- **Source data**

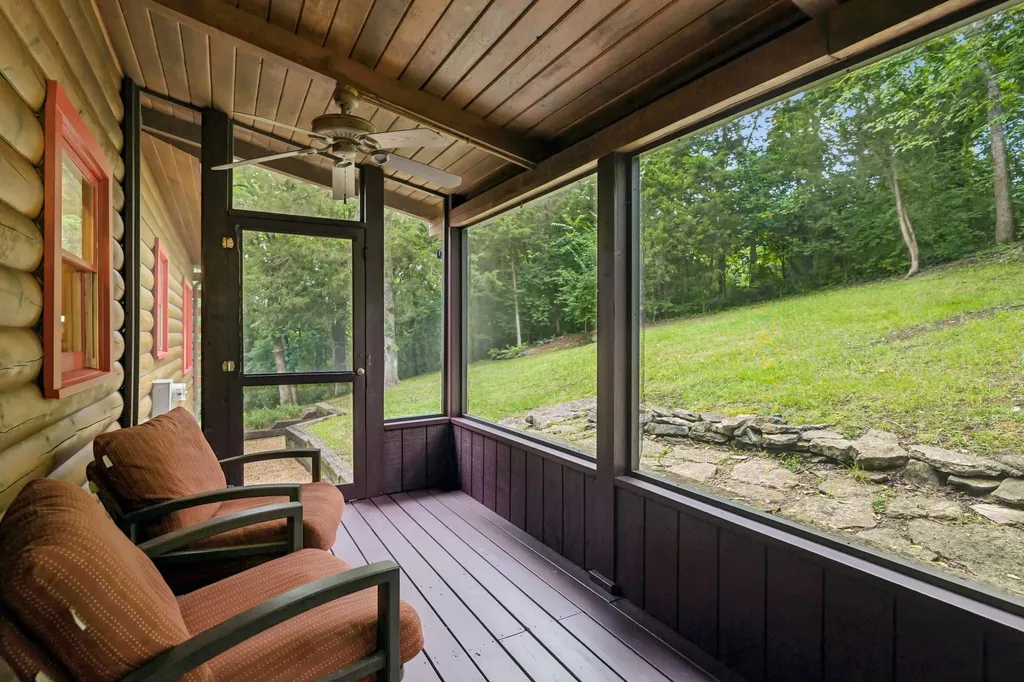 2668 Thompson Station Road, E Thompsons Station TN 37179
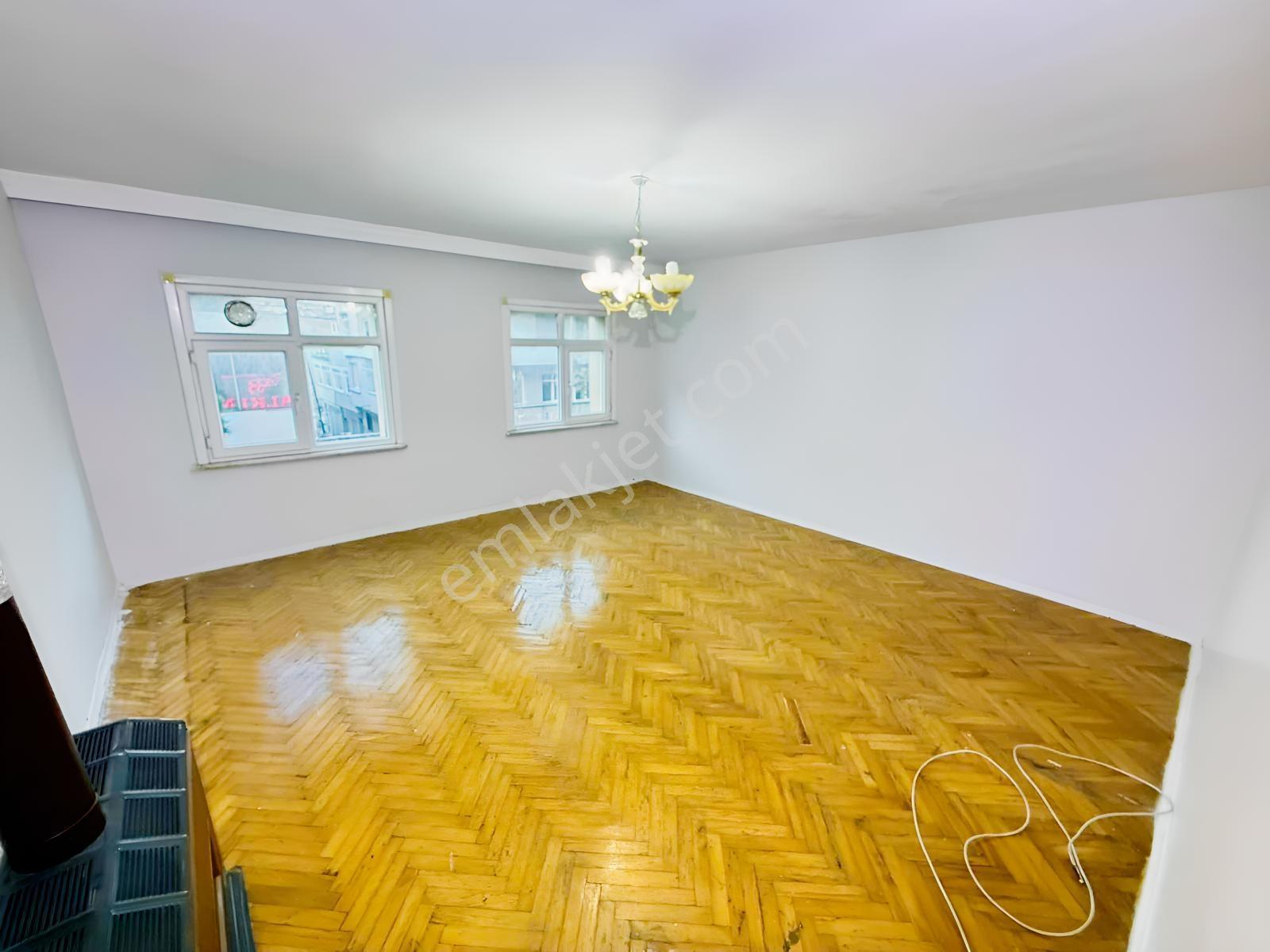 Şeref Emlaktan Pazariçi Cadde Üstü 3+1 Çift Balkon Daire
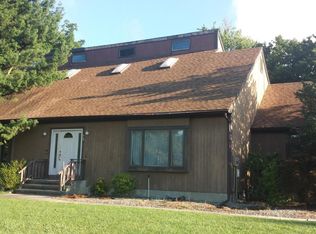 23 Baskenridge Dr, Middletown, NJ 07748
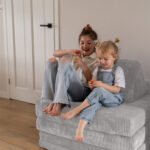 Speelbank Jindl cord ribstof lichtgrijs zitten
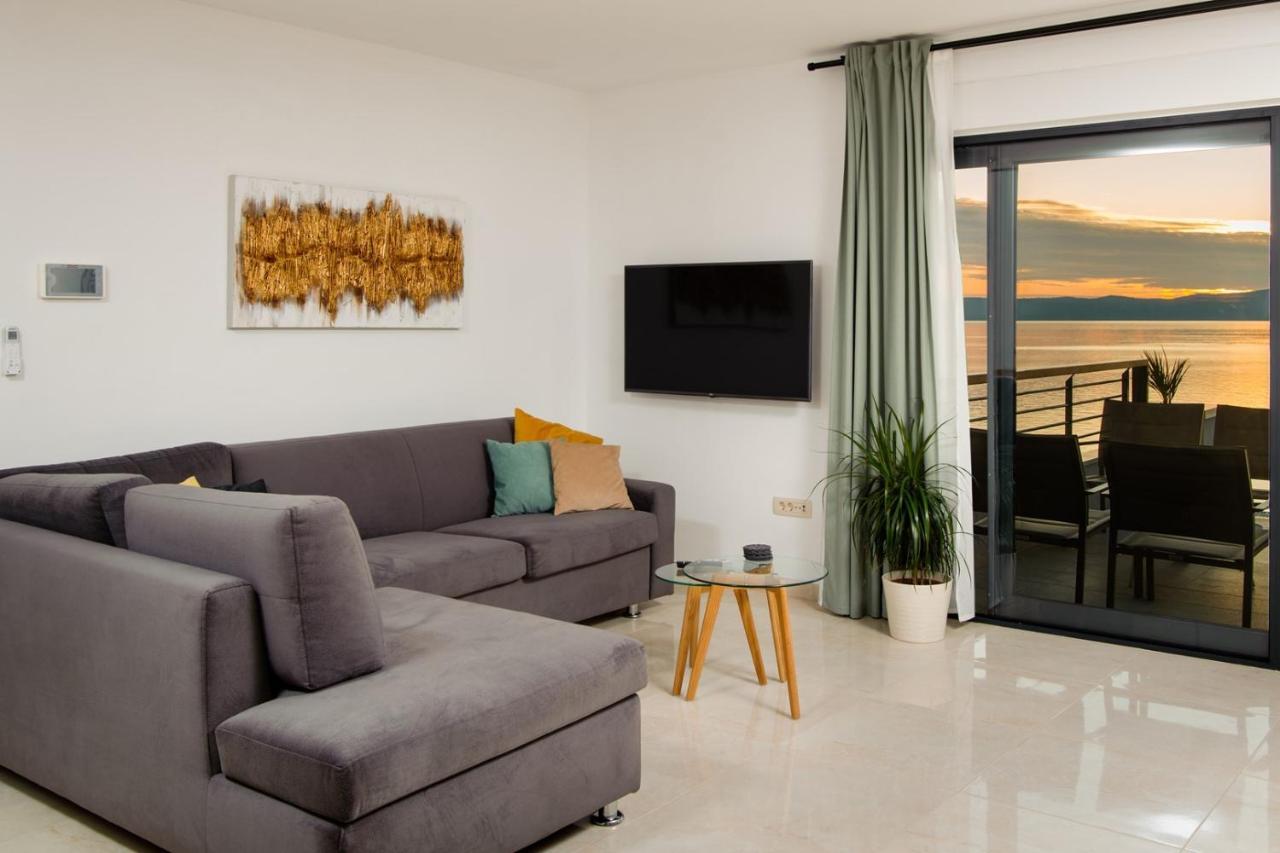 Villa Leona A Luxury Villa Near Makarska, Heated Pool Zivogosce Exterior photo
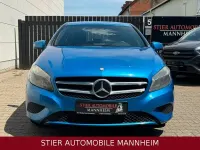 Gebraucht Mercedes A180 109 PS (80 kW) 2012 Blau Kleinwagen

- **Task brief**
For your answer, write out the data exactly and drop every picture.

- **Response below**
 2668 Thompson Station Road, E Thompsons Station TN 37179
 Şeref Emlaktan Pazariçi Cadde Üstü 3+1 Çift Balkon Daire
 23 Baskenridge Dr, Middletown, NJ 07748
 Speelbank Jindl cord ribstof lichtgrijs zitten
 Villa Leona A Luxury Villa Near Makarska, Heated Pool Zivogosce Exterior photo
 Gebraucht Mercedes A180 109 PS (80 kW) 2012 Blau Kleinwagen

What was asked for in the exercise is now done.